The planners in Washington are aware of the impossibility of eradicating the Houthis by remote bombing. The mountainous desert terrain and the dispersed, decentralized nature of the Shiite militia—which had successfully resisted Saudi air strikes for years—ensure that only a direct intervention by U.S. ground forces could neutralize the Houthis, temporarily at least.

Iran would just love it, of course, and a host of other regional and global players would be delighted to see another American quagmire reminiscent of Iraq and Afghanistan. Of course, the administration is not tempted, especially not in an election year. Therefore, the Houthi threat to navigation cannot be prevented, let alone eliminated. It can only be suspended.

The crisis in the Red Sea has demonstrated that U.S. naval resources are insufficient to maintain the strategy of full spectrum dominance. The Navy is simply not up to the self-assigned, Herculean task of controlling and securing all key sea lanes, and especially choke points such as Bab el-Mandeb. The Navy is well below the goal of 75 ships ready for war at any time. Lest we forget, then-Commander of Naval Surface Forces, Vice Adm. Roy Kitchener who retired last August, announced a year ago that the fleet would aim to have 75 mission-capable ships available at all times. They would be optimally maintained, armed, and equipped—with the full complement of trained crews, ready for combat on a moment’s notice. Over the past year, according to Kitchener’s successor Vice Adm. Brendan McLane, the fleet is “kind of hovering between 50 and 60 ships on any given day.”

With the crisis in the South China Sea now more or less permanent, the lack of mission-capable ships is the main reason why last December the Navy dedicated a remarkably small strike group to Operation Prosperity Guardian in the Red Sea, consisting of one aircraft carrier and three escorting destroyers. The British provided one destroyer, while Denmark and Greece promised a frigate each. The Netherlands, Norway, and Australia are together sending two-dozen military personnel in all, but no vessels. Singapore’s navy is providing a center “to support information sharing and engagement outreach to the commercial shipping community.”

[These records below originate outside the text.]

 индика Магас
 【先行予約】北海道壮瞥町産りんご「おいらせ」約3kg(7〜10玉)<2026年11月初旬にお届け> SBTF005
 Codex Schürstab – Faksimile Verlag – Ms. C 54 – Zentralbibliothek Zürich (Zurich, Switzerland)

This amounts to an utter debacle, effectively the U.S. has zero contribution from all but Britain. Australia’s refusal to send ships is a particularly unpleasant shock to the administration. Some nominal members of the operation have even refused to announce their participation in public for fear of being linked to Israel and suffering military or terrorist reprisals.

More importantly, France, Italy, and Spain are staying out altogether, refusing to place their ships under American command. This hints at a coordinated attempt by Europe’s key Mediterranean nations—and America’s nominal NATO allies—to deal with the diminished global credibility of the United States.

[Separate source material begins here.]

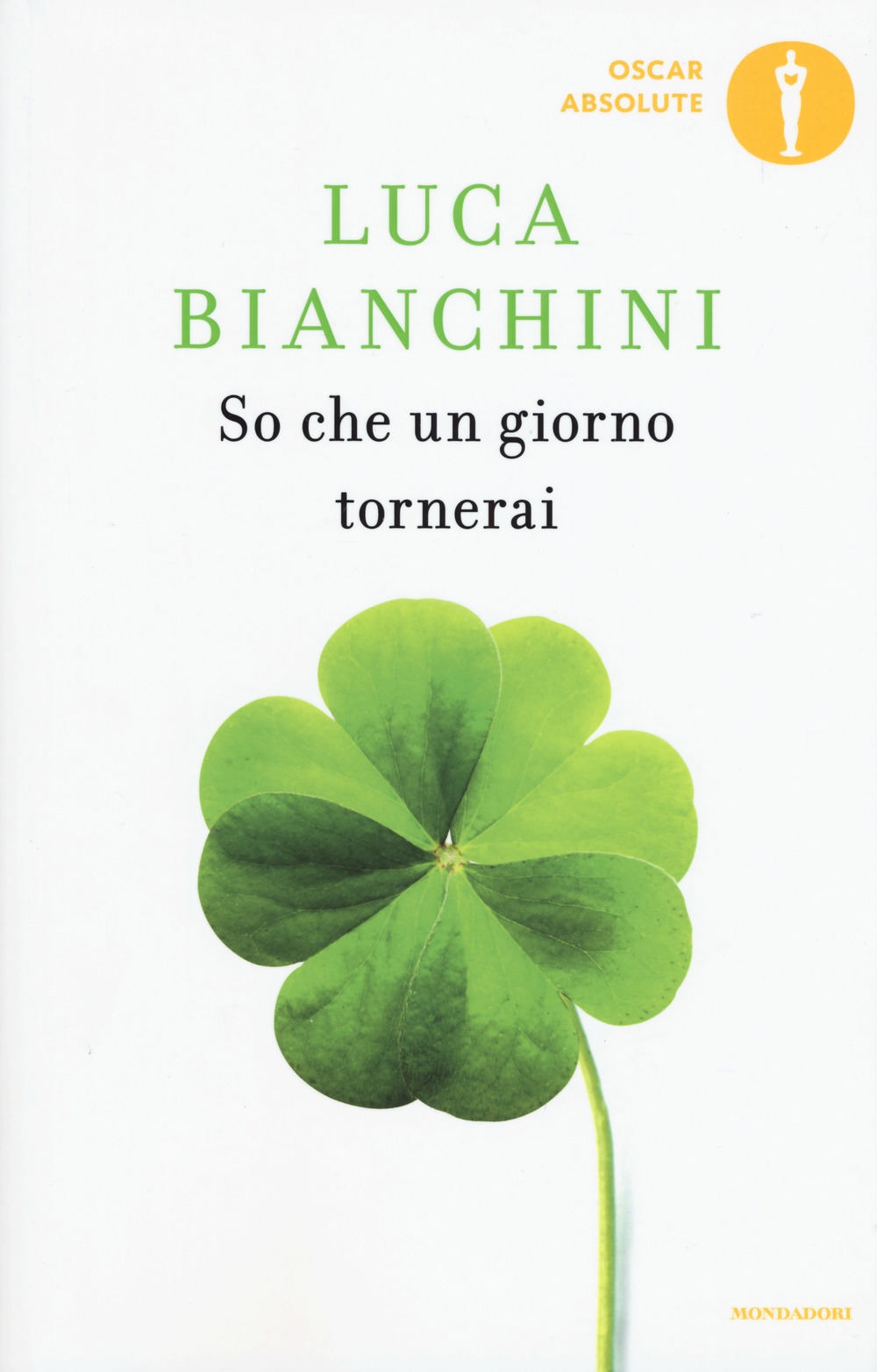 So che un giorno tornerai So che un giorno tornerai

Over the past few weeks, it has become clear that, all over the greater Middle East, an insoluble dilemma exists for the Biden administration. While Washington is loath for the conflict in Gaza to escalate, the U.S. is continuing its total support for, and its comprehensive financial, military, and diplomatic assistance to Israel. Consequently, all key Arab countries in the region are rapidly diversifying their political and economic relations, most notably those with Russia and China. Even the United Arab Emirates, ostensibly a reliable U.S. friend, gave Russian President Vladimir Putin an ostentatiously warm welcome last month. At the same time, U.S. military bases in the region—notably in Bahrain, right across the Gulf from Iran—appear potentially more vulnerable than ever before.

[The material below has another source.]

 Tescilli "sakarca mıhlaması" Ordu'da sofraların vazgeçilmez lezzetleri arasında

Coupled with the looming defeat of the Armed Forces of Ukraine, likely followed by a major Russian offensive come summer, the global mix is becoming volatile in the extreme. Dealing with it demands prudence, wisdom, and strategic clarity. None of this is present in Washington, D.C., in either party. The best we can hope for is that 2024 will not be remembered as a tragic replay of the Guns of August 110 years earlier.